The idea that mountain and water beings have names and that people who are struck by lightning undergo an initiation that allows them to speak to the spirits in their dreams sounds completely plausible to me [laughs]. In a context where systems such as mountains or volcanos are understood to be alive and to have agency, why not engage directly with them? We are talking here about ‘technologies of relation’. They have existed in these areas for millennia. Of course, this can’t be easily understood from a modern, colonial, Western perspective. In the West we believe in science, in the laboratory, where it’s all about ‘truth’ and everything needs to be provable. Mountains and water are seen as objects, not as beings. A lab is a place where we isolate that which is being known from its relations with others.  While this does generate a certain form of knowledge, I think that performance – and by that I don’t mean in the sense of theatre, but in the sense of doing an action, embodying something, entering into a relationship with an other, no matter whether it’s a human, an animal or, why not, the weather – is also a way of gaining understanding. It’s a different understanding. It’s a very different approach that also creates a very different world of meaning.

If you conduct research at a university you need to have an outcome, a conclusion. How does that work in your case? Does it take the form of your performances, videos and lectures?

Yeah, that’s a tricky one. For Volume 3, The School of the Jaguar I conducted research on pre- Spanish and pre-Portuguese Amerindian iconography of the continent, especially into figures that represent humans, plants and animals at the same time. What I learned – partly through books, but mainly through physical practice – is that in the Amerindian context, identity is plural and you can shift your perception to that of an animal or plant. This notion of transformation doesn’t belong to the past here: today it’s still practised in the Amazon and in many other places. Experiencing it myself made it abundantly clear to me that the modern colonial and Western concept of identity is not universal. In fact it doesn’t really appear to be sustainable anymore, as the queer movement is demonstrating. It’s too narrow. Too limited.

What’s interesting about artistic research in performance is that, through exchanges with indigenous practitioners, it can be a meeting place. Both of us are engaging in dance and movement, and regard it as important in the sense that dance is not just about representation – it can really generate something; dance can be a teacher.

What do you mean?

I work with ready-mades: movements that have been passed on from generation to generation. You could say that re-embodying these ‘fossilised experiences’ conveys a specific form of knowledge.

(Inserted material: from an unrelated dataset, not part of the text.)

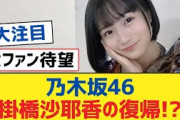 【乃木坂46】乃木坂46掛橋沙耶香の復帰!?【乃木坂工事中・乃木坂スター誕生・乃木坂配信中】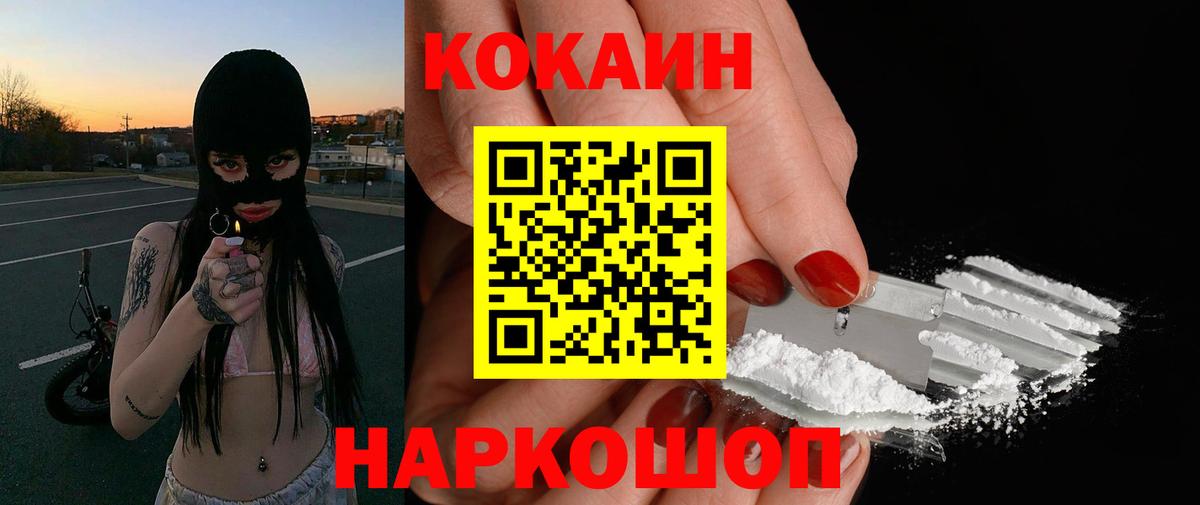 КОКАИН Columbia Можга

The anthropocentric gaze we have inherited and learned – especially in the arts, with ideas surrounding authorship and the ‘genius artist’ who places something in the world – is so different from the indigenous vision on dance and movement. For example, in the indigenous tradition they say ‘we lift the dance together … we carry the dance together … and the dance transforms us.’ The entire concept of subject and object goes out the window, and the dance itself is a participant.